Caption-style text data
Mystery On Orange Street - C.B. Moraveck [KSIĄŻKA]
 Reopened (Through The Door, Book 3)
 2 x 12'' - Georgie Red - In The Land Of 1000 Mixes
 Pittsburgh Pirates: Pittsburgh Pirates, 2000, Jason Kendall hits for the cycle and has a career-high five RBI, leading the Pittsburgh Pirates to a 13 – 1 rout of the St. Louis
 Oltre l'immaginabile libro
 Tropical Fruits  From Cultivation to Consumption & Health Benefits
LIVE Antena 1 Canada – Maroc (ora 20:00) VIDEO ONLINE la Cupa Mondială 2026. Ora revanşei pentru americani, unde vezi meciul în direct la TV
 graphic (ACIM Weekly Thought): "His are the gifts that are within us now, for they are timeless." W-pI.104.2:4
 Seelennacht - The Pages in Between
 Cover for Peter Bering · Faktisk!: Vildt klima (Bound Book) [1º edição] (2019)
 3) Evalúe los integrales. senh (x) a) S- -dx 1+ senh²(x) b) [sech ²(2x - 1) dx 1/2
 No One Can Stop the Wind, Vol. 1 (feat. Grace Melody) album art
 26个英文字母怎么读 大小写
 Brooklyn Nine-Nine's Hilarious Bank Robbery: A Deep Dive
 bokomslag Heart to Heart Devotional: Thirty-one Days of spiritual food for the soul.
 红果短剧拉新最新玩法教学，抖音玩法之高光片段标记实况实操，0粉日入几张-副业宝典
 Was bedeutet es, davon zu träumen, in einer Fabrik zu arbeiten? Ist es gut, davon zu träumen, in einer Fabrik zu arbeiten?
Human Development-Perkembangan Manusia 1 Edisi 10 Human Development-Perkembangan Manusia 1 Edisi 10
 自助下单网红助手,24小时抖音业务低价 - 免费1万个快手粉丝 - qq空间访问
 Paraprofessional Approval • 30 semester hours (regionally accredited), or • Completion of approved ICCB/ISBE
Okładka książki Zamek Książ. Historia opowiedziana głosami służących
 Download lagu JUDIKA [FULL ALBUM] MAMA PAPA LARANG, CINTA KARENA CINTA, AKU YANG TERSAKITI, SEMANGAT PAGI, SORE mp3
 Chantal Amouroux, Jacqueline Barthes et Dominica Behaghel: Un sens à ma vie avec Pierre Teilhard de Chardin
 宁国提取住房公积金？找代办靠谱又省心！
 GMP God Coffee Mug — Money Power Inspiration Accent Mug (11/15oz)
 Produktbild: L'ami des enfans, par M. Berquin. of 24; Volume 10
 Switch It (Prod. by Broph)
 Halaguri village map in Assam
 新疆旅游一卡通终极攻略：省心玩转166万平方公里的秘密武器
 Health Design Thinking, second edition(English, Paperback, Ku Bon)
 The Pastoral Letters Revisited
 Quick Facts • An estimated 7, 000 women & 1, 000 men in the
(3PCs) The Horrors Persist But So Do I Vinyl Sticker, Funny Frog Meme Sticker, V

Exercise
Exactly as they stand, please print the lines from the first line of the records above down to the line that includes "2 x 12'' - Georgie", both of those included and no others.

Answer to this exercise
Mystery On Orange Street - C.B. Moraveck [KSIĄŻKA]
 Reopened (Through The Door, Book 3)
 2 x 12'' - Georgie Red - In The Land Of 1000 Mixes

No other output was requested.